Loves Trump, hates Biden, hates the woke west and would happily destroy the world!!!
Do you seriously believe that if Dantes had access to weaponary (Nuclear,/Chemical/Biologicial) that he wouldn't have tried them out by now?
 
The West will want Putin's arse on toast for War crimes..I mean I'd offer to nip over To Mossy and nick him but I've put me seeds in now and I've got the back fence to paint. Nevertheless the swine should face justice. More than likely his own people will topple him.

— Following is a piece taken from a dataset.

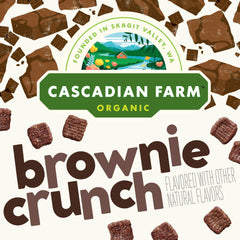 Cascadian Farm cereal cocoa pieces add chocolatey texture for kid-friendly crunch.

But what a mess Ukraine is in, bombed to bits, million scattered all over the place, although Johnson conned NATO on that front. The rebuild will take a decade..be 100's of years before Ukraine trust Russia again that's a given.
 
Recommend reading this thread - maybe the fears of a global wheat shortage as a result of this war are overblown:

 
Being suggested that Putin's aim is to split Ukraine with a North/South divide. or more like an East/West divide. As most of Eastern Ukraine speak Russia. And that this is what is behind the announcement that his forces will concentrate on the Dombas region. I suspect he could still pepper the rest of Ukraine with rocket attacks. Whilst trying to encroach further East along the Russian coast line on round to Odesa.

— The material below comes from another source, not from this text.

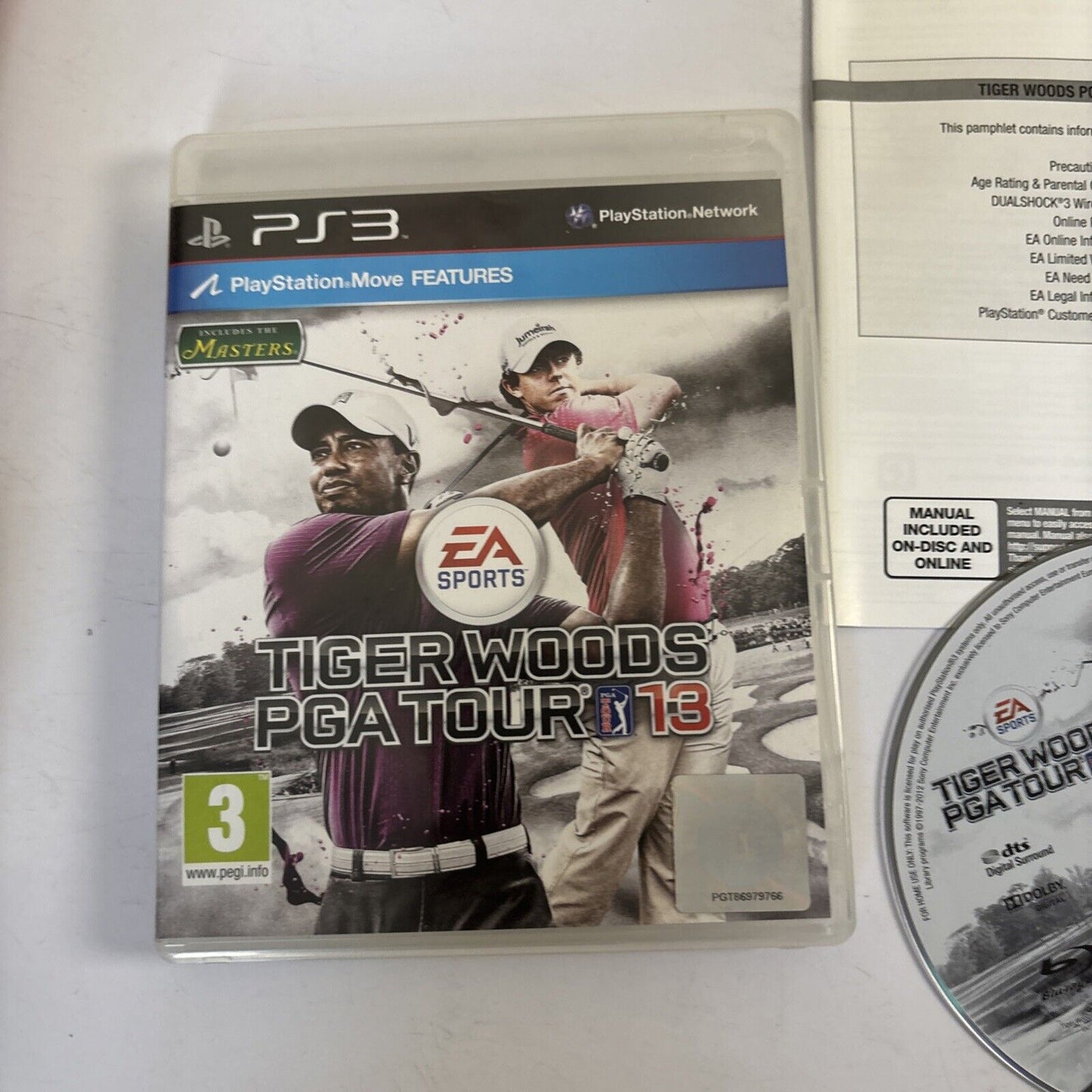 Tiger Woods PGA Tour 13 PS3 Sony PlayStation 3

If this is his strategy along with offering peace talks or letting an intermediary, like Turkey do the bidding, it won't stop the sanctions, but It might prevent further sanctions.

The West knew Putin was never going to accept every last country bar none join NATO and the EU. This has been the main issue. Should the West have been more inclusive with Russia. With the EU widening their tentacles Russia was being isolated militarily through NATO and economically through the EU. Western strategist knew a showdown with Putin was coming. Putin wouldn't act with Trump in the WH because Putin couldn't be sure how Trump would react.

Putin doesn't hold all the cards, the mess his Army has made of the job has weakened his position. He must make it look like he has gained and defied the West and has reasserted Russia's might. But in truth it has exposed Russia's relatively weak military. NATO could easily overcome and defeat Russia on the conventional battlefield. Putin on the backfoot might be worse than when he thought he was winning.